Further testing could bring hydropower to more Alaska villages

Left, the hydrokinetic turbine tested in Eagle shown laying on the deck of its platform barge and, right, submerged into the Yukon River. (Photos courtesy of New Energy Corp.)
Left, the hydrokinetic turbine tested in Eagle shown laying on the deck of its platform barge and, right, submerged into the Yukon River. (Photos courtesy of New Energy Corp.)

Ever since researchers began field-testing in Alaska with small hydropower systems that generate electricity with a turbine submerged in a river, they’ve had to deal with such real-world setbacks as the generators getting hammered by logs carried along in the river’s current.

That’s what happened to hydrokinetic generators soon after they were submerged in the Yukon River at Ruby in 2008 and Eagle in 2010. But Jeremy Kasper and other researchers with the Alaska Center for Energy and Power say lessons learned from those tests helped them develop a structure called a “debris diverter” to protect the generators.

“It’s a big step forward,” he said. “I think it really opens up a lot of opportunities that kind of had shut the door after Ruby and Eagle.”

Kasper and his team working at a test site in Nenana are now focusing attention on other problems that have held back development of hydrokinetic-generating systems, which hold the promise of both providing renewable energy to remote communities and off-setting the cost of generating power with diesel-fueled generators – fuel that can cost 10 dollars a gallon, or more, in the Bush.

“The real issue is technological,” he said. “We’ve got to overcome these technological hurdles. And then we can start driving down the cost of energy.”

Most of those hurdles were cleared before the field tests in the Power Systems Integration Laboratory, a facility at the University of Alaska Fairbanks managed by the Alaska Center for Energy and Power, or ACEP.

Marc Mueller-Stoffels, program director of ACEP's Power Systems Integration Program, in the Power Systems Integration Laboratory. He's also a research assistant professor with UAF's Institute of Northern Engineering. (Photo courtesy of the University of Alaska Fairbanks)
Marc Mueller-Stoffels, program director of ACEP’s Power Systems Integration Program, in the Power Systems Integration Laboratory. He’s also a research assistant professor with UAF’s Institute of Northern Engineering. (Photo courtesy of the University of Alaska Fairbanks)

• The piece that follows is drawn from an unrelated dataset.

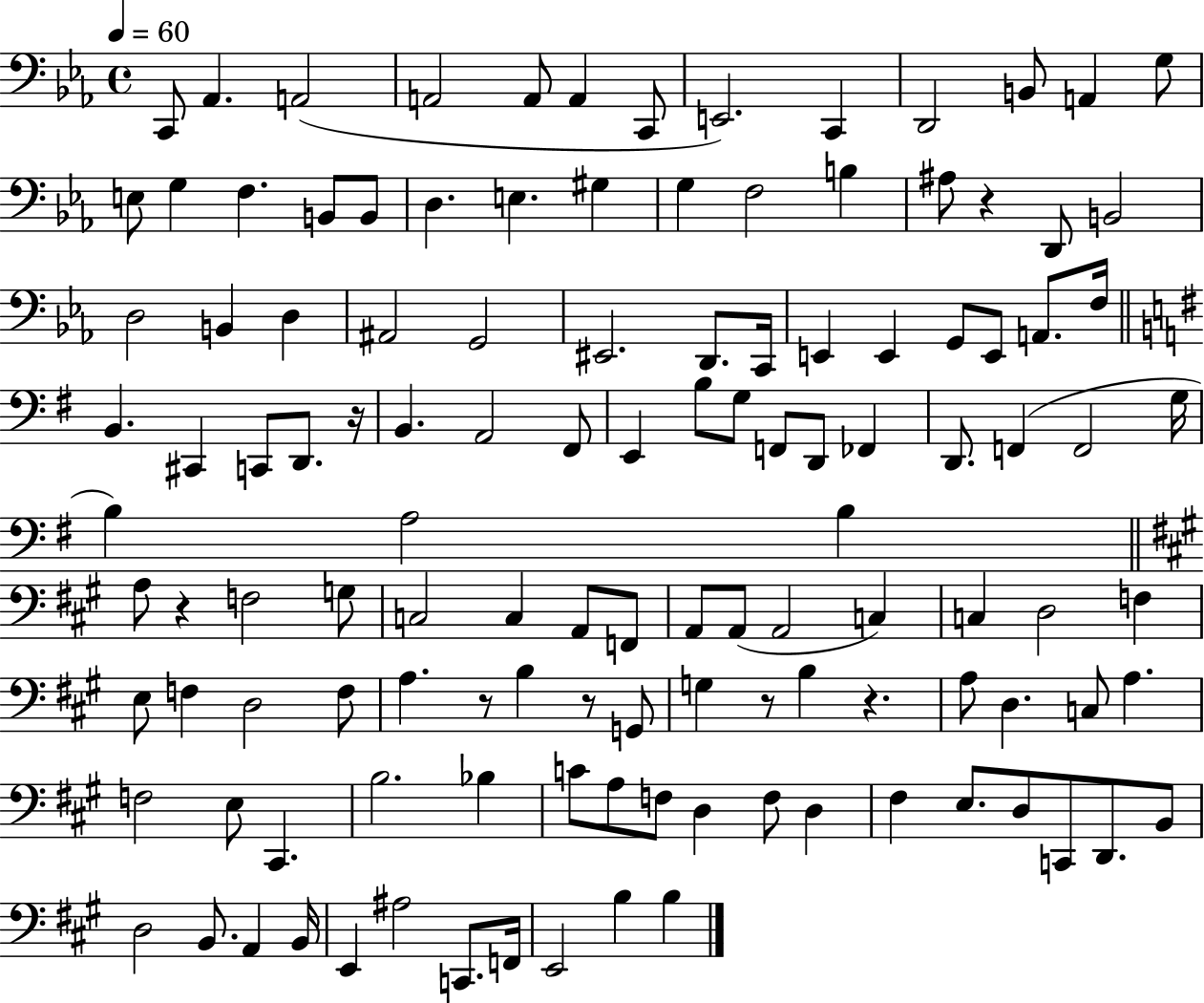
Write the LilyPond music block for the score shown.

“We see ourselves as kind of a last stop for technology before it can go for a long-term test deployment,” says Marc Mueller-Stoffels, who directs ACEP’s power systems integration program. The program tests systems that generate electricity from such renewable-energy sources as hydro, wind and solar and then helps develop technologies to integrate that power into remote communities’ microgrids.

“By troubleshooting a lot of the R&D issues in a laboratory’s controlled settings, we can create the worst-case conditions and see how the system interacts with the typical components of a grid,” he said.

Mueller-Stoffels says hydrokinetic technology is promising but needs more development before its industry is likely to begin manufacturing and marketing river-powered generators on a scale that will make such systems reliable and affordable – like what happened in recent years with wind- and solar-energy powered systems.

“I would say roughly the hydrokinetics industry is somewhere where the wind industry was in the ’80s,” he said.

Mueller-Stoffels says hydrokinetic technology developed in Alaska’s rigorous conditions will help researchers design systems that can be used worldwide.